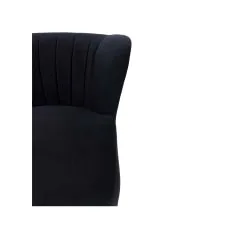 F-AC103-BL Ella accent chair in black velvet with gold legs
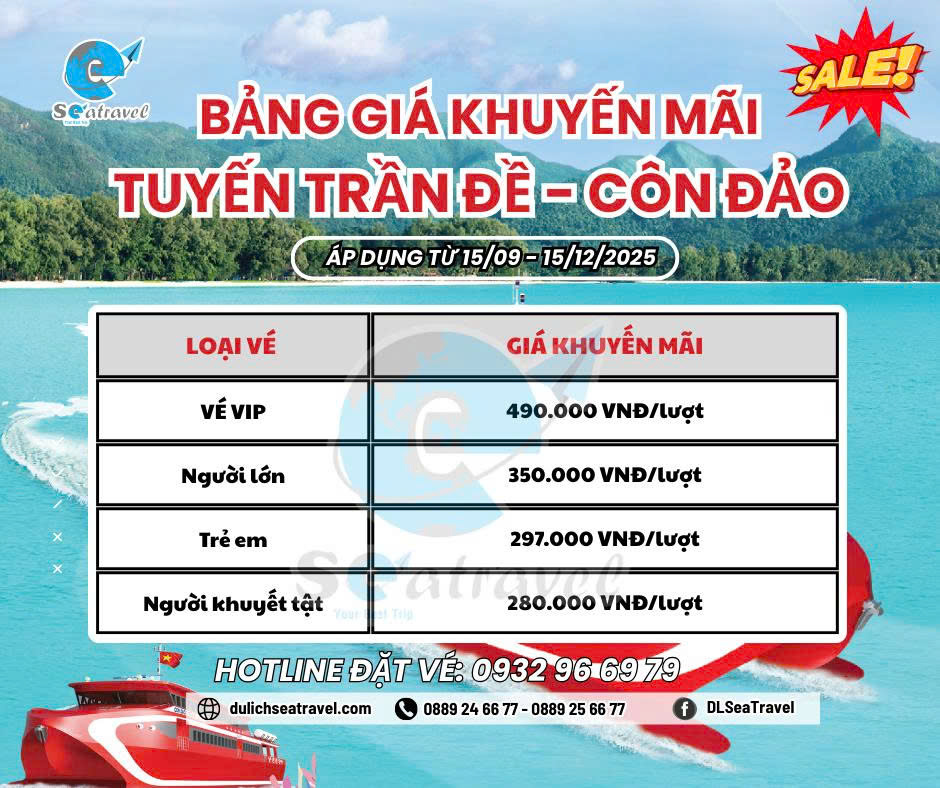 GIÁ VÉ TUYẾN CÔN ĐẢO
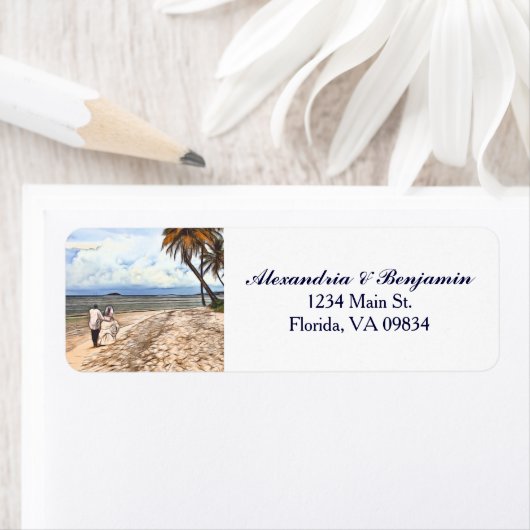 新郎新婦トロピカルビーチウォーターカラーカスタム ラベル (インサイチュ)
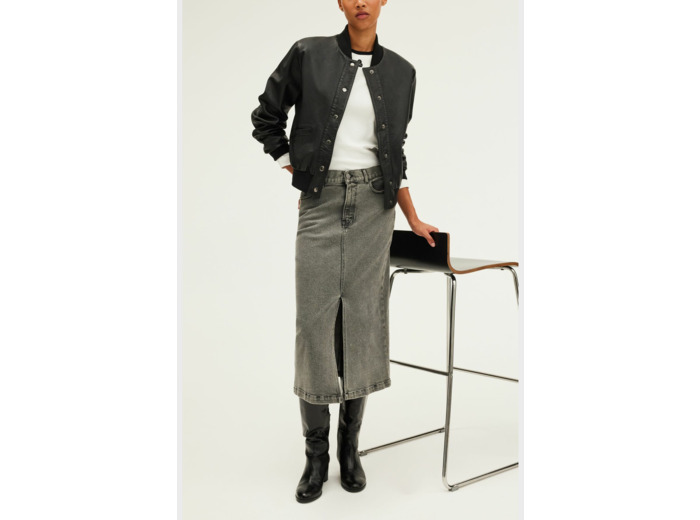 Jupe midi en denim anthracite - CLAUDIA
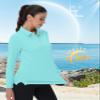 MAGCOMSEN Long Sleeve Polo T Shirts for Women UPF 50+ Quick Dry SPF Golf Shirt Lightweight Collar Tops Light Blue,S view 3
++++++++
## WHAT IS BEING ASKED
What you print must match the entries exactly, except that no pictures appear.

## ANSWER TO THIS TASK
 F-AC103-BL Ella accent chair in black velvet with gold legs
 GIÁ VÉ TUYẾN CÔN ĐẢO
 新郎新婦トロピカルビーチウォーターカラーカスタム ラベル (インサイチュ)
 Jupe midi en denim anthracite - CLAUDIA
 MAGCOMSEN Long Sleeve Polo T Shirts for Women UPF 50+ Quick Dry SPF Golf Shirt Lightweight Collar Tops Light Blue,S view 3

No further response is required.